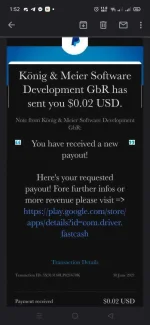 Screenshot_2021-06-30-13-52-19-72.jpg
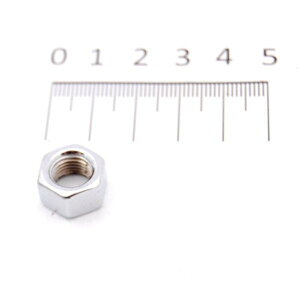 y[z DRAG ibg N[ 3/8-24 (1) DS-190662-ea JPX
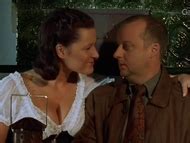 Kommissar Rex Tod Per Internet Nude Pics Page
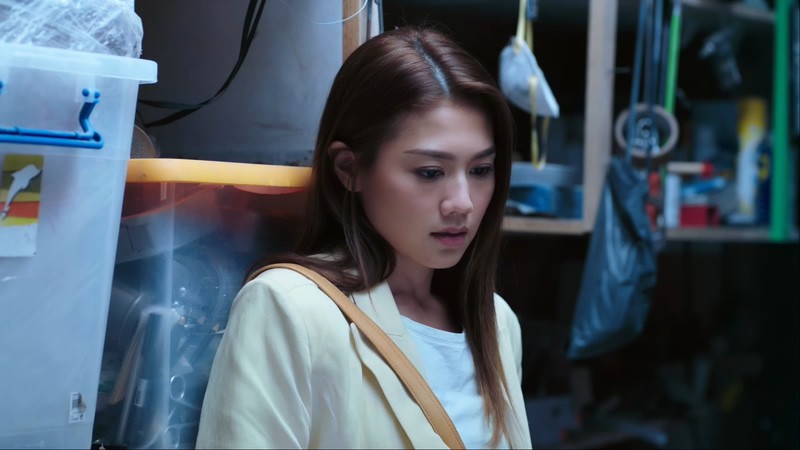 2020港剧《非凡三侠国语》6集全.HD1080P.国语中字截图;jsessionid=Xz8F7qB1uADdHsFQuYwx0015RKH_BQSegogHO_ov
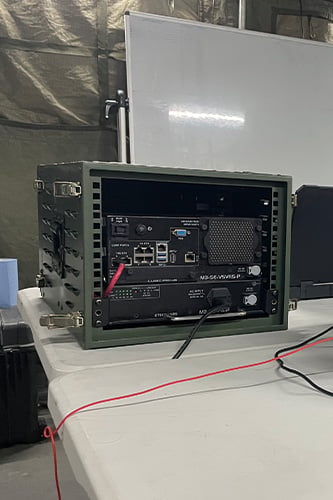 DTECH_M3_SE_Green_Case_Tent_333px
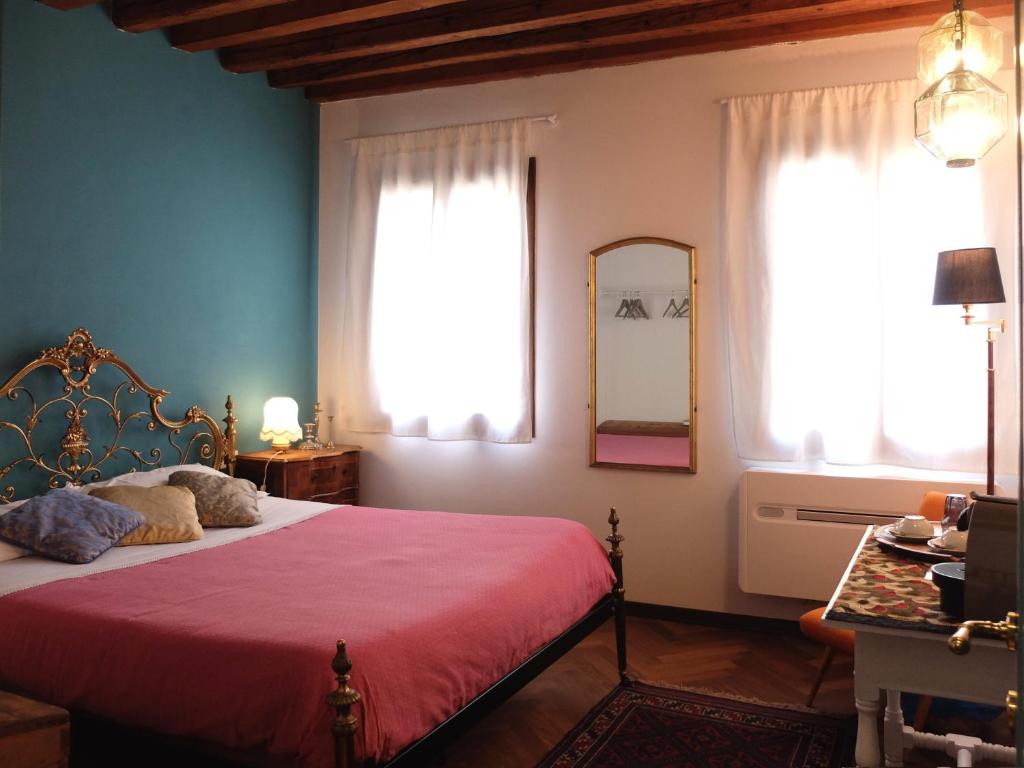 B&B Le Terese 6 B&B Le Terese 6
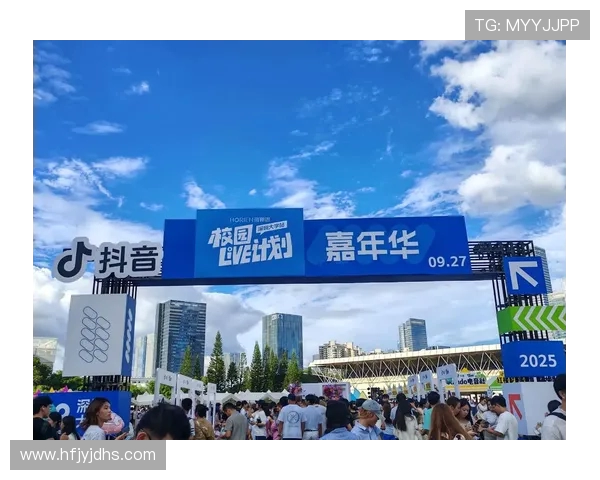 深圳滑板队节奏之争引发热议滑板文化的未来走向如何探索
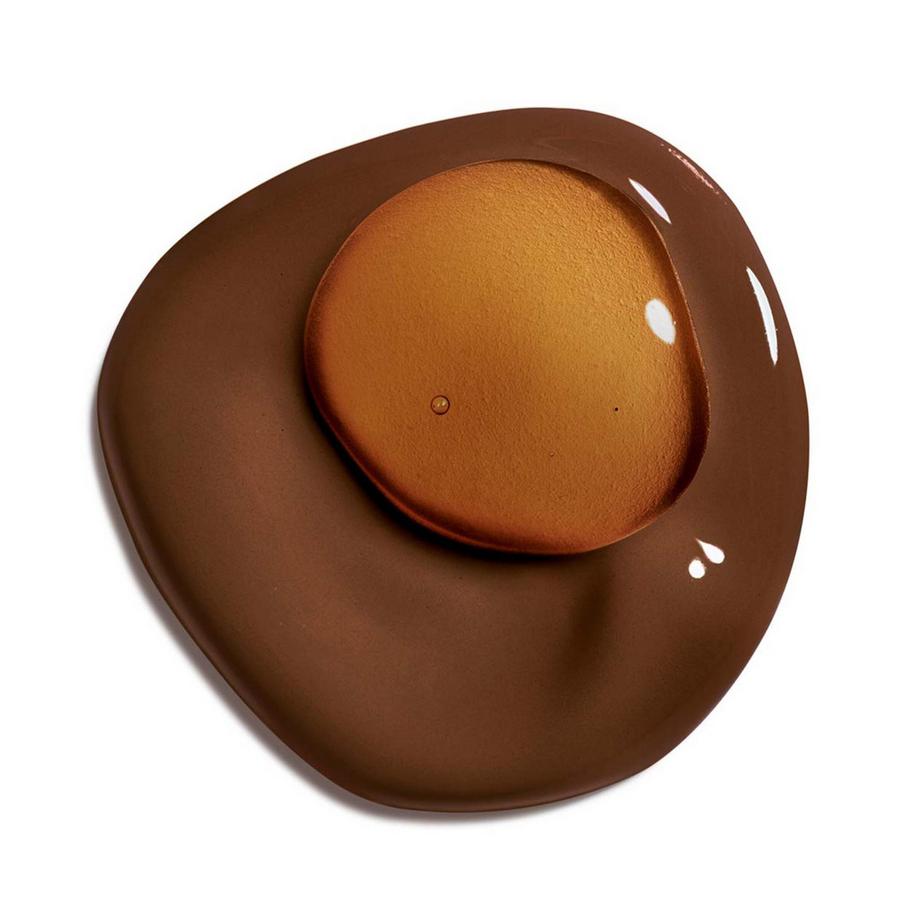 CLARINS  Double Serum Foundation 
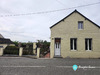 Ma-Cabane - Vente Maison Anor, 115 m²
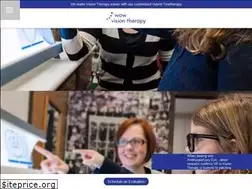 Sites similar to wowvision.net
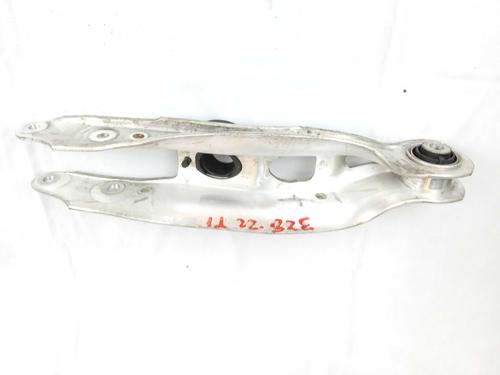 left-rear-suspension-arm-audi-a5-f53-f5p-8wo505311h-8w0505311h-2016-10751391 main image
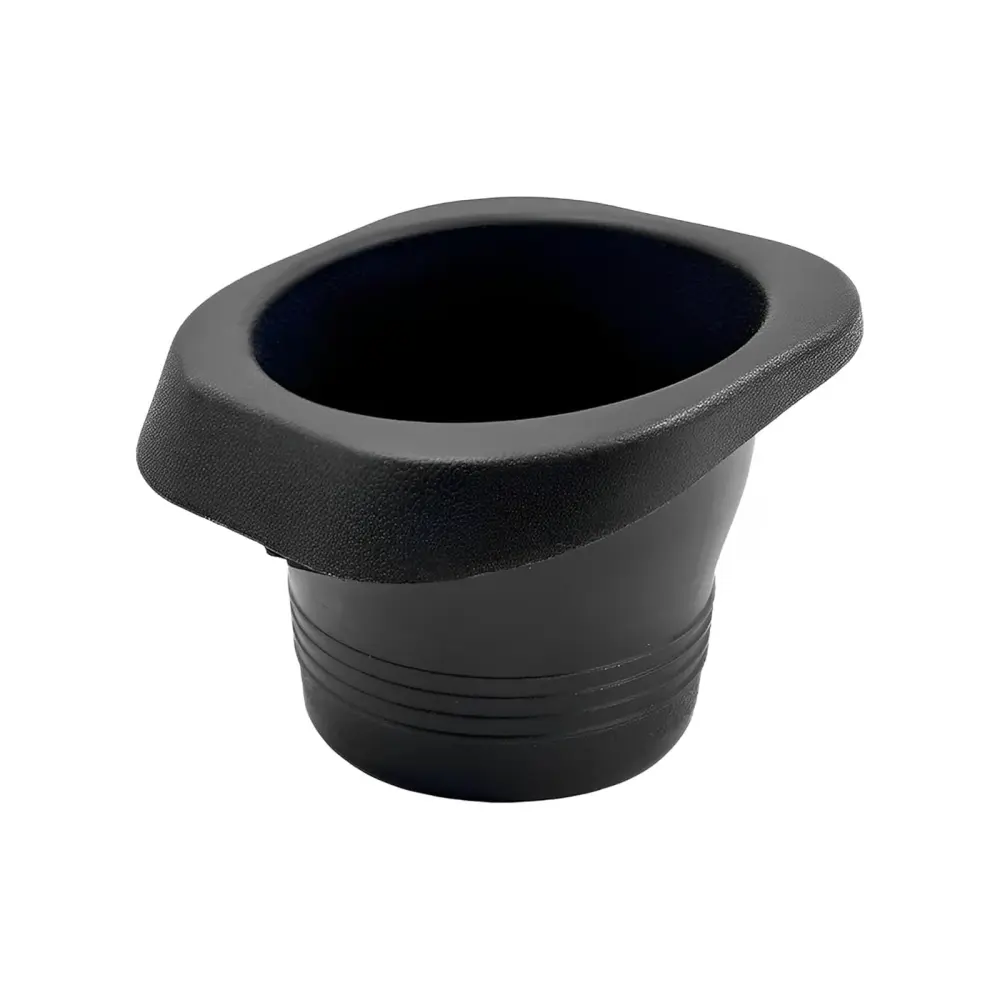 Cup Holder 53215-U2230-71 Toyota Engine 1DZ 1ZS 4Y 1KD 1FS Forklift 30-8FG10 30-8FG15 30-8FG20 62-8FDU30 62-8FDU20 | Quick...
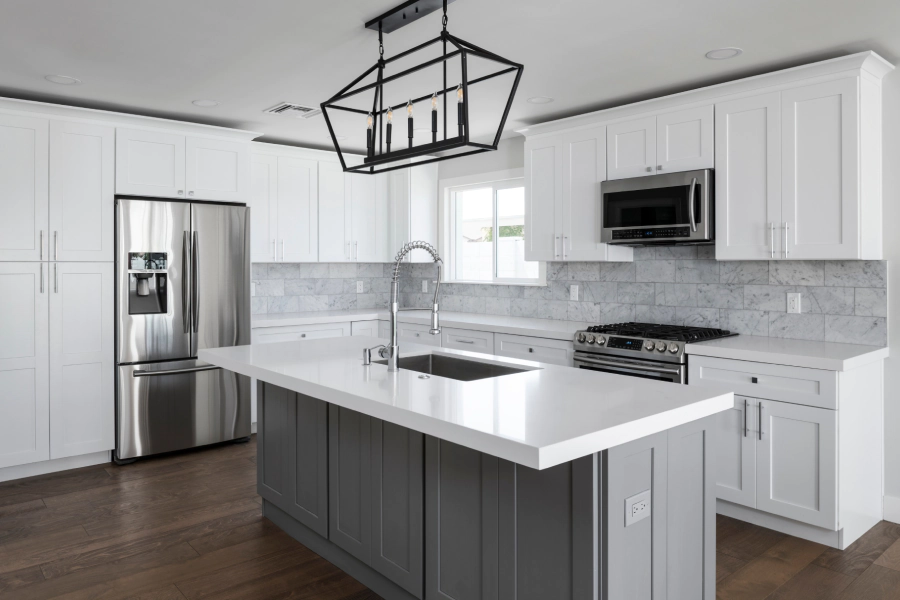 kitchen remodeling services kitchen remodeling services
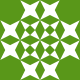 User1108 Avatar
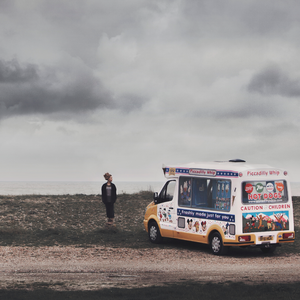 500部大龄熟乱视频
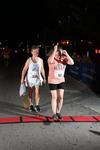 2025-nov-23-pnslastmile5k-1-1720-1730-IMG_1451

****************************************

Write out every line of the entries above exactly, and omit their pictures.

RESULT OF THIS TASK
 Screenshot_2021-06-30-13-52-19-72.jpg
 y[z DRAG ibg N[ 3/8-24 (1) DS-190662-ea JPX
 Kommissar Rex Tod Per Internet Nude Pics Page
 2020港剧《非凡三侠国语》6集全.HD1080P.国语中字截图;jsessionid=Xz8F7qB1uADdHsFQuYwx0015RKH_BQSegogHO_ov
 DTECH_M3_SE_Green_Case_Tent_333px
 B&B Le Terese 6 B&B Le Terese 6
 深圳滑板队节奏之争引发热议滑板文化的未来走向如何探索
 CLARINS  Double Serum Foundation 
 Ma-Cabane - Vente Maison Anor, 115 m²
 Sites similar to wowvision.net
 left-rear-suspension-arm-audi-a5-f53-f5p-8wo505311h-8w0505311h-2016-10751391 main image
 Cup Holder 53215-U2230-71 Toyota Engine 1DZ 1ZS 4Y 1KD 1FS Forklift 30-8FG10 30-8FG15 30-8FG20 62-8FDU30 62-8FDU20 | Quick...
 kitchen remodeling services kitchen remodeling services
 User1108 Avatar
 500部大龄熟乱视频
 2025-nov-23-pnslastmile5k-1-1720-1730-IMG_1451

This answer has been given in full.